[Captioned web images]

========

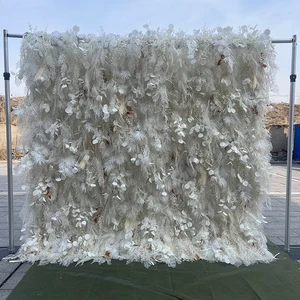 Blueway White Artificial Flower Wall Wedding Decoration-Slik Material ROMANTIC Style Eco-Friendly & Durability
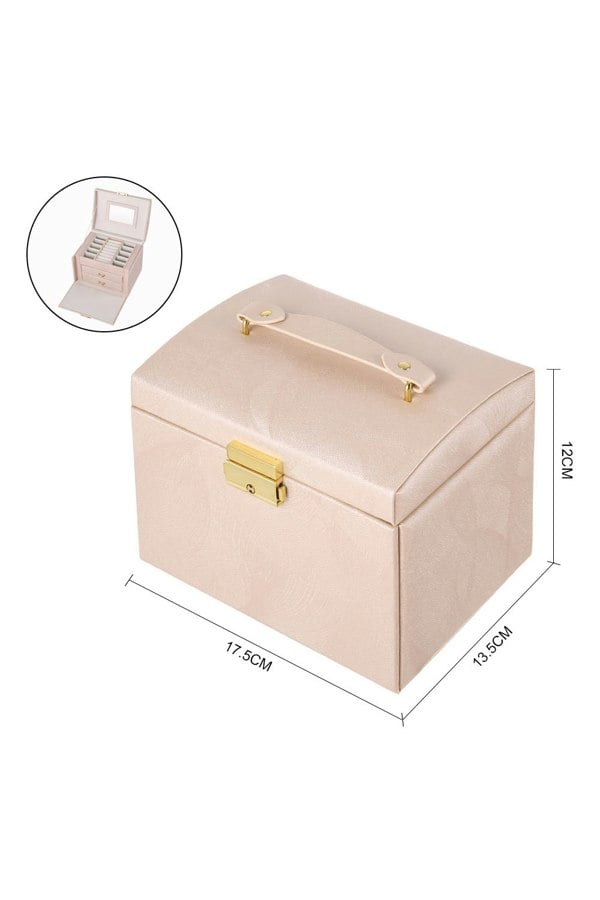 Living and Home Multi-Function Faux Leather Jewellery Storage Box with Drawers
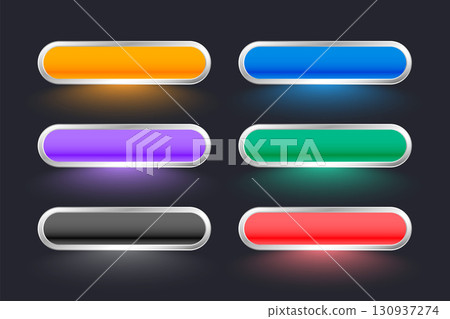 set of six colorful web button sign with empty space set of six colorful web button sign with empty space 130937274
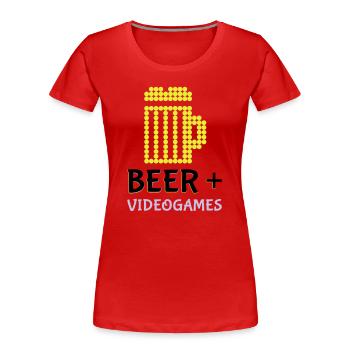 Pixel-Bier-Videospiele - Frauen Premium Bio T-Shirt - Rot - Vorne - Mia (176cm)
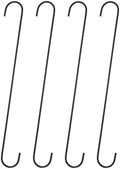HARFINGTON 4pcs Long S Hooks 16 Inch Extra Long Metal S-Shaped Hanging Hooks High Manganese Steel S Hanger Storage Organizing Tool for Kitchen Garden Bathroom Garage Closet, Black by HARFINGTON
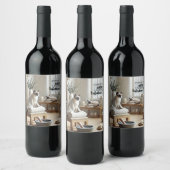 Wellness-Center Cat Geburtstag Thema Weinetikett (Flaschen)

========

Starting at the line that contains "Pixel-Bier-Videospiele - Frauen", retype each line through the end of the data exactly, and leave out every picture.

§ **Finished exercise**:
 Pixel-Bier-Videospiele - Frauen Premium Bio T-Shirt - Rot - Vorne - Mia (176cm)
HARFINGTON 4pcs Long S Hooks 16 Inch Extra Long Metal S-Shaped Hanging Hooks High Manganese Steel S Hanger Storage Organizing Tool for Kitchen Garden Bathroom Garage Closet, Black by HARFINGTON
 Wellness-Center Cat Geburtstag Thema Weinetikett (Flaschen)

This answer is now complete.